Синдром вертепа. Кризис как перформативный контекст - стр. 15
В самом начале и с чисто фактической стороны движение выглядело так: примерно в середине 50-х годов прошлого века, вскоре после смерти Сталина, в Москве, Ленинграде, их ближних окрестностях, а также, говорят, в некоторых других крупных городах Советского Союза вдруг появились молодые люди, которых отличала своего рода аддикция к американской танцевальной музыке, парадигмальные образцы которой демонстрировал фильм Sun Valley Serenade с оркестром Глена Миллера в главной роли. Эти молодые люди испытывали устойчивое и достаточно сильное желание слушать блюз или буги-вуги, испытывали дискомфорт, когда лишались такой возможности, и были готовы на многое, чтобы обладать беспрепятственным доступом к предмету своей страсти, а это и есть аддикция[20], более того – нечто подобное происходило по всей Европе, советское общество не было исключительным случаем: музыка, привычно сопутствовавшая досугу американских военнослужащих, вдруг приобрела функцию святыни.
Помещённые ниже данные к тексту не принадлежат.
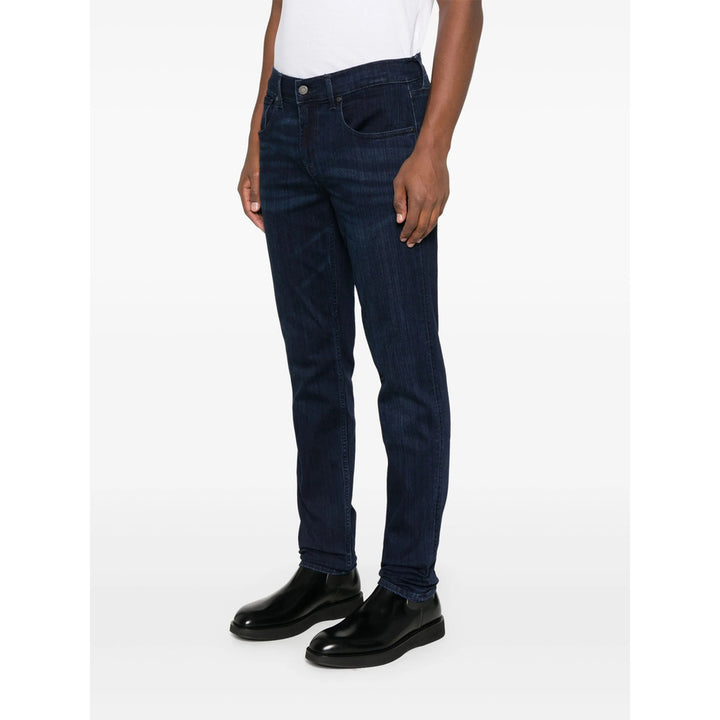 7 For All Mankind Jeans - Blu | b4886b9abd39401800183f9d035afea0a20fa896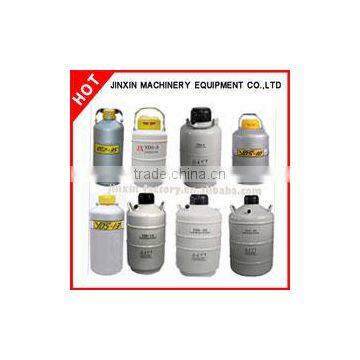 YDS Liquid Nitrogen Container/can for Sale Online/liquid Nitrogen Lower Costs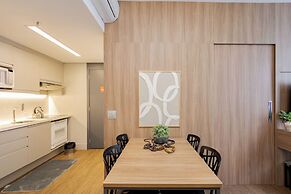 Helbor Stay Batel - Yogha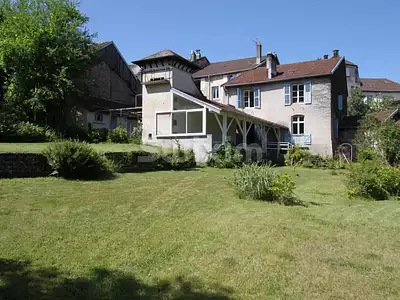 Maison, 367 m²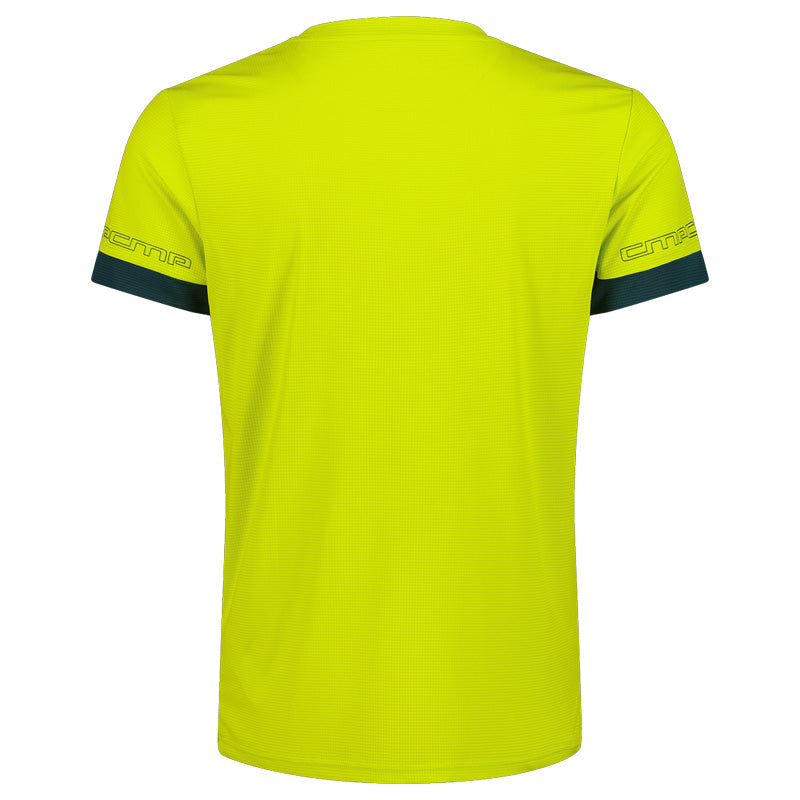 T-shirt uomo Unlimitech Logo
Тут нет никакого преувеличения: символы и практики, которые репрезентируют опыт «священного» в повседневной жизни, являются прежде всего результатом достаточно сильного и весьма специфического («нуминозного») аффекта, общего какому-то множеству индивидов и как бы превращающего их в единого действующего субъекта (communio в богословии раннего христианства, duende в дискурсе корриды и cante flamenco, условие sine qua non импровизации в искусстве и жизни). Как принято считать[21], аффекты подобного рода, с которыми сегодня нетрудно столкнуться на футбольных матчах или рок-концертах, всегда могут быть конвертированы в символ или дискурс, публичная демонстрация которых, осуществляемая в формате какого-то общепринятого ритуала, в свою очередь, обеспечивает воспроизводство исходного трансперсонального аффекта, а вместе с ним и коллективной идентичности, которую этот аффект порождает (лат. religio, собственно, и означает состояние захваченности таким аффектом). Не случайно «там у них», в Западной Европе или США, именно рок-группы и их лидеры стали инициаторами всякого рода неортодоксальных религиозных движений, как восточных, так и автохтонных[22], тогда как «тут у нас» экстатические практики, связанные с новыми формами досуга и задним числом увековеченные идиомой «секс, наркотики, рок-н-ролл», стали рассматриваться как вполне реальная альтернатива «предметам веры», отсылающим к «светлому будущему» коммунизма. При желании, разумеется, такие практики вполне можно рассматривать как форму массовой психопатии, в лучшем случае – как синдром, обусловленный кризисом социальной рутины, однако до относительно недавнего времени психопатический опыт повсеместно рассматривался как частная форма религиозного, сегодня их также нередко рассматривают как альтернативные формы социализации первичного нуминозного аффекта, патологическую и успешную, не случайно тема исцеления занимает одно из центральных мест в нарративах самых разных религий.